I replied, "What are you talking about?"
She said, "I read some of your text messages that you sent to James, and it doesn't sound like you want to be married anymore."
I replied, "It's complicated."
She asked, "What do you mean, its complicated?"
I said, "It's complicated."
With frustration she asked, "What are you attracted to men?!"
She said it as if it was the most outrageous thing she could possibly think of and with my head hung in shame I replied... "yes."
"I can't believe this," she said in disbelief.
The conversation we had for the next 30 minutes was so personal that even I will not repeat it. I disclosed to her a very small portion of my behavior over the previous months. I didn't provide her with a full disclosure because of the initial shock of the situation. Let's just say she knew that our marriage has been tainted.
I felt terribly guilty and she was very angry, hurt and betrayed. I think it goes without saying that we slept in separate rooms that night. Neither one of us slept much. I had always wondered how she would react when I told her and now I was finally finding out.
The next morning we had to take my oldest son to a football game. The two of us did not converse at all. We exchanged some necessary logistical text messages but nothing more. When we got home after the football game, we sent the kids to play outside while her and I had THE conversation.
In anger she asked me, "So are you going to move to California and become a b*** pirate?" Always being one to appreciate a good gay joke, it took everything in me not to snicker. There was nothing funny about anything that was being shared.
In response to her question I replied, "I don't know." That was the beginning to the most deep disclosure I have ever given anyone about my sexuality. I told her everything about how I felt but nothing about what I'd done. I told her that I have felt this way my whole life. That I struggled with it and always believe that I just I did what was right, the feelings would somehow go away. That never happened.
We talked for a least 30 minutes. She listening intensely and I sobbed like a baby. After explaining how I felt she expressed empathy, love and concern. She told me that if I wanted to make it work she would stand by me the whole way.
I still can't believe how somebody can be so loving and compassionate under such terrible circumstances. I think if I have ever witnessed unconditional love it was then.
Her demonstration did not make the situation any easier for myself. I was still conflicted greatly inside my heart and soul. For myself, I was still sure that our marriage could never work because of what i'd done. I didn't understand how anybody could forgive another person completely.
The remainder of that day was a quiet. We went about our daily chores and activities and did not speak more about the elephant in the room.
A couple of days passed when I woke up and felt confusion. I felt confused because I wanted to be with my wife. I wanted to be with her both emotionally and physically. I can't explain why or how but it was enough to change my heart to the point that I wanted to give my marriage another shot.
I went on a run that morning with one of my triathlon buddies. Jay has been one of my best buddies since moving to Idaho. He is accepting and compassionate on the inside while rough and wildly, irreverent on the outside.
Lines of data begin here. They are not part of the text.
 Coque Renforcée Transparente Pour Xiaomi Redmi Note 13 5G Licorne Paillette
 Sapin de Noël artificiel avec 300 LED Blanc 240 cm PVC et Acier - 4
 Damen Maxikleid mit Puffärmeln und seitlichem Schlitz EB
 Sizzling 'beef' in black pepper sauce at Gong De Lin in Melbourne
He was the first person in my local area I came out to. I felt comfortable telling him because he had a brother who is also gay and I felt it wouldn't be as shocking to him.
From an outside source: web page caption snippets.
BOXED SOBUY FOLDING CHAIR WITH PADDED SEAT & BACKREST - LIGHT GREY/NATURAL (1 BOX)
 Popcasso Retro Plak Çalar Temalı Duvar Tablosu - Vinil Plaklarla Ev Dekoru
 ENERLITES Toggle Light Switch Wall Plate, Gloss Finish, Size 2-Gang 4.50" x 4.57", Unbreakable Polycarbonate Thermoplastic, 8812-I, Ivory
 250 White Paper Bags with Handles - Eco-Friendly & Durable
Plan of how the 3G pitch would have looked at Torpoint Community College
We talk about everything while we are training. You can cover a lot of subject while training 2-3 hours a day... 6 days a week. The morning I came out to Jay was a turning point in my life. I can't remember exactly what was said but I do remember how I felt. I felt hope and the desire to make things work.
When I returned back to my house I went directly to speak with Laura. I told her with tears in my eyes that I wasn't sure if I could make our marriage work but I wasn't ready to give up yet. I said that the day may come when the two of us decide that it does not work but until that day comes we should stay together and try.
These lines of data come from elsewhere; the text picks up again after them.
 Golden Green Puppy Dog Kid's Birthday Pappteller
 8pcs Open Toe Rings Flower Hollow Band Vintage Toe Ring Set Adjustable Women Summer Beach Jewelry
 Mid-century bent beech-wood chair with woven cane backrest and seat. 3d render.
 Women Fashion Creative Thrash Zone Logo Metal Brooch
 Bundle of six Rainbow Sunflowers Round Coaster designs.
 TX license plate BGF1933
The last six months have been an emotional roller-coaster. Since my initial disclosure to my wife a lot has happened. It seems as if my feelings and emotions change daily. The posts on this blog will explain some of these events and experiences.
You are invited to read along if you choose. This blog serves as a personal journal for myself to think through and process all of these. I honestly don't know if we can make our marriage work. But I am going to give it as much effort as humanly possible. Sometimes I wish I could fast forward 10 years and find out where we're going to be and what we're going to be doing. In my mind I feel like we should have all of our issues resolved by then. I guess time will tell. If anything that I write on this blog serves as a benefit to you... I'm glad that I could help. If it does not, I really don't give a shit.